Material shown section start
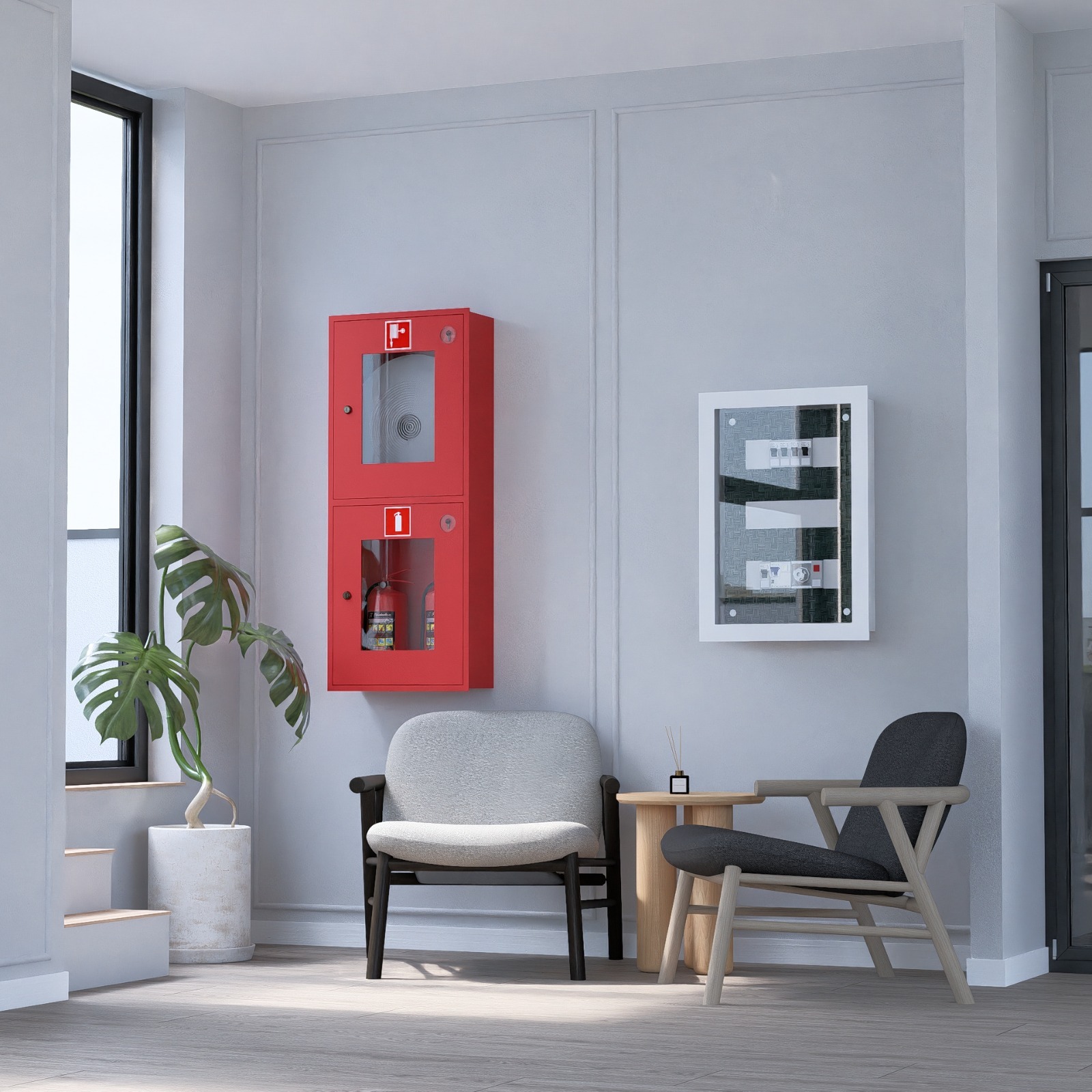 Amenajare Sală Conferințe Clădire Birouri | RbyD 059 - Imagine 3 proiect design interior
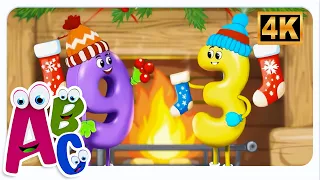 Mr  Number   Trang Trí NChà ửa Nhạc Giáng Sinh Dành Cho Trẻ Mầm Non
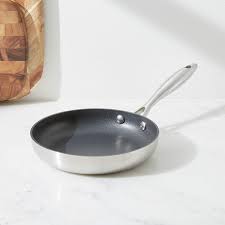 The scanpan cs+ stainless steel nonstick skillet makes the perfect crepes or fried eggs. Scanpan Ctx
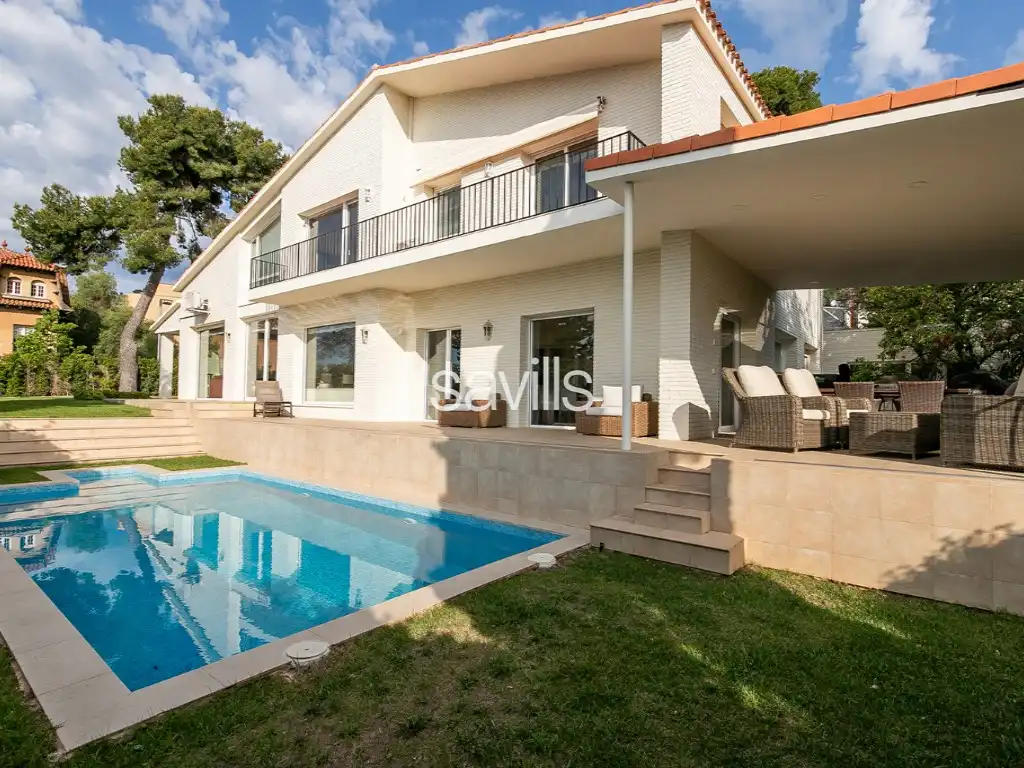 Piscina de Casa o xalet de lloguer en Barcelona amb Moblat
Material shown section end
Material shown section start
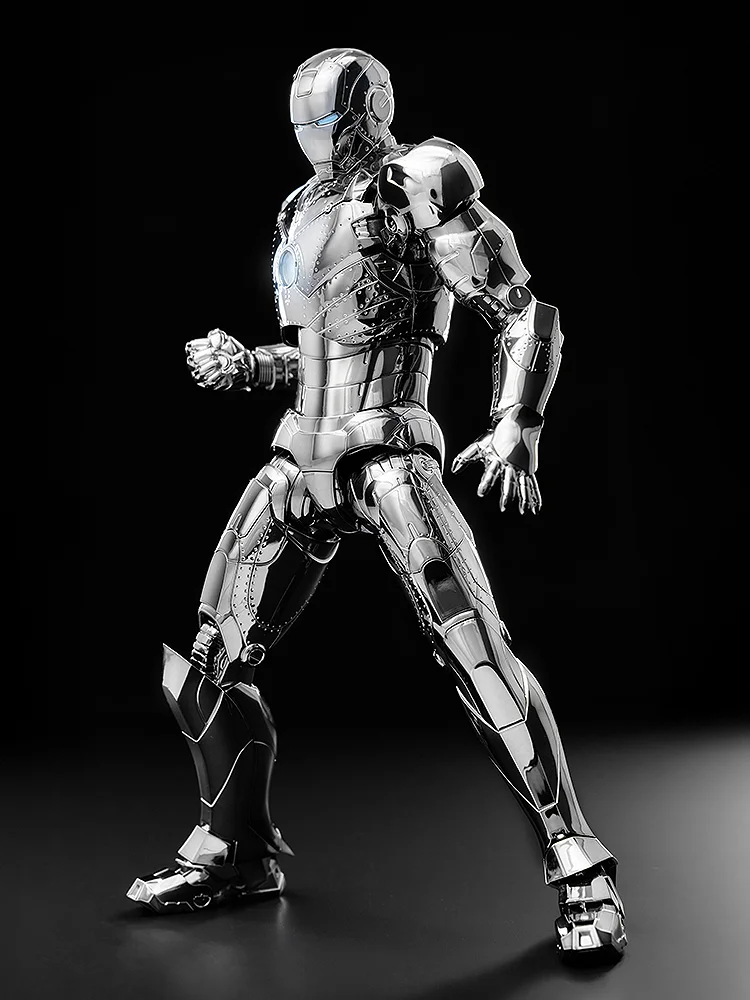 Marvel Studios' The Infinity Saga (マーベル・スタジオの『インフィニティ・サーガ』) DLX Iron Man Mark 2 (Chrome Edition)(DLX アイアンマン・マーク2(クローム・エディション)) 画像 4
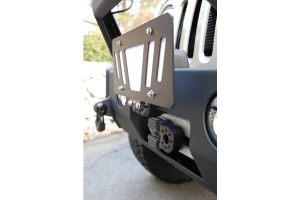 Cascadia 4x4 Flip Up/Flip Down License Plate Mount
Material shown section end
__Aim of the task__. "Amenajare Sală Conferințe" marks the first line to copy, and "Piscina de Casa" marks the last. Repeat that stretch above exactly, with no pictures.

__Result for this task__.
 Amenajare Sală Conferințe Clădire Birouri | RbyD 059 - Imagine 3 proiect design interior
 Mr  Number   Trang Trí NChà ửa Nhạc Giáng Sinh Dành Cho Trẻ Mầm Non
 The scanpan cs+ stainless steel nonstick skillet makes the perfect crepes or fried eggs. Scanpan Ctx
 Piscina de Casa o xalet de lloguer en Barcelona amb Moblat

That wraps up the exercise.